English 100 focuses on composition for academic purposes and develops a student’s ability to write clearly and effectively. Students also learn the fundamentals of critical thinking, persuasive writing techniques (including rhetorical appeals and devices), scholarly research, and academic reading.
This course provides an overview of management. It covers theory, process and practice of the four fundamental management skills: Planning, Organizing, Leading and Controlling, as well as the role of managers in organizations.
This Human Resource Management course covers planning, recruitment, selection and placement; job analysis, job description and job evaluation; compensation and performance appraisal plans; employee benefit programs; training and education programs and employee rights, labour relations, personnel planning and evaluation.
This survey course is designed to introduce students to the areas of responsibility of managers of non-profit organizations and is intended to provide a broad overview of the management challenges of the non-profit sector. Topics include scope and function of the non-profit sector; an overview of financial management; human resources management; strategic planning; and marketing functions within the non-profit sector. Specific issues are emphasized, such as accountability, board selection, volunteer management and fundraising.
To gain an overview of the marketing process as it applies to marketing products and/or services in public, private and not-for-profit organizations. At the end of the course, the students should understand the four P's of marketing: Price, Place, Promotion and Product, and the interrelationships between marketing and overall business practices. This 45-hour course provides an introduction to other more advanced courses in the College of the Rockies Business program.
This course examines the organization and role of leisure, recreation and tourism services in Canada.
This course emphasizes leadership in Recreation and Leisure Services and involves an exploration of leadership and effective practice of theories and concepts. Students examine how Recreation and Leisure Services involve community individuals and groups in community organizations. The different leadership methods in organizations, public groups and service organizations are also examined.
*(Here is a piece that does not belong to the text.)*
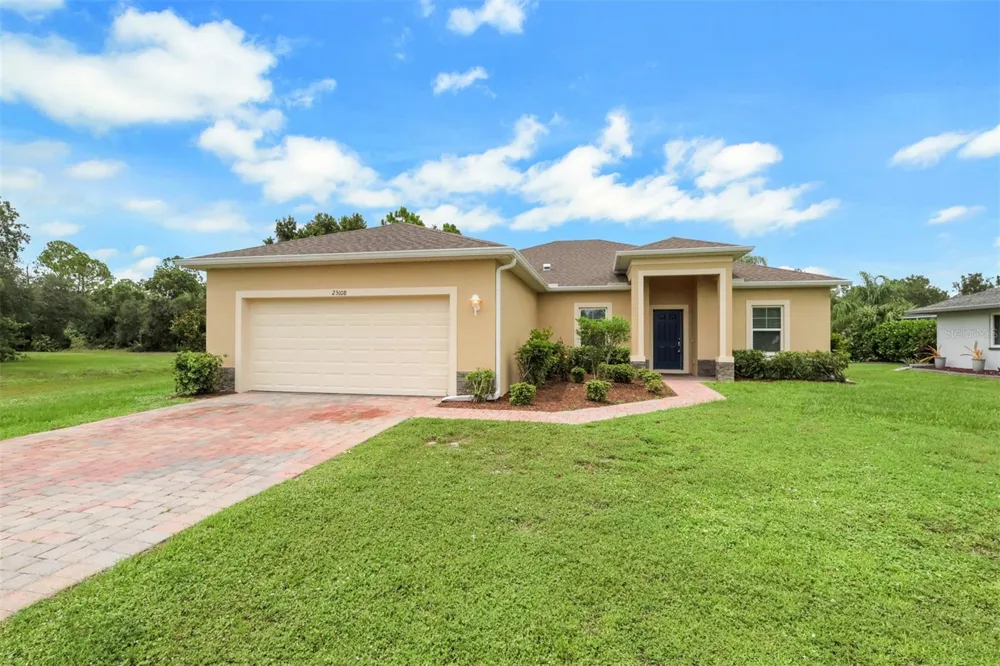 25108 PALISADE ROAD Punta Gorda, FL 33983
This course introduces students to the program planning cycle and engages them in creating and implementing effective program plans from the initial needs assessment through to the evaluation of program and facilities.
This course explores the history and background of how society has dealt with diverse populations. Students examine the ways in which recreation and physical activity are structured in diverse groups (i.e., those with physical and mental disabilities) and learn to recognize the needs of these groups and individuals.
This course examines the impact of design, programming and operation of recreation areas, facilities and services on users attitudes and behaviours.
This course explores and develops ideas and concepts utilizing a linear or cyclical planning model, and focuses on the details required when planning a special event. Emphasis is placed on the planning of events with research into selecting the right event, event themes, site selection, task and responsibility checklists, organizational committee structures, budgeting and finance, advertising and promotion and event administration.
The work experience provides workplace-based learning opportunities in an industry setting. This allows students to practice the principles and skills learned during classroom study and develop industry competencies. Internships provide the learner with a more direct access to industry employees and managers, building networks and establishing the foundations of one’s career.
This course is a continuation of RECR 150 with a special emphasis on assessing recreation needs, planning, implementing and evaluating programs. It builds upon the foundations of program development established in RECR 150. Students are introduced to needs assessment research methods and develop a research project from start to finish. Development of a questionnaire, administering a questionnaire, evaluation and interpretation of research data and writing a research report are explored.
This course examines methods of obtaining funding and community support through presentations, both oral and written. The focus is on obtaining grants, foundation funding and sponsorship, not on fundraising.
This course will familiarize students with concepts of risk management and legal liability as they apply to the business of tourism and recreation. The course introduces students to Canadian law and liability issues that may arise for tourism industry professionals and other businesses. Students will also learn about ways to minimize liability exposure.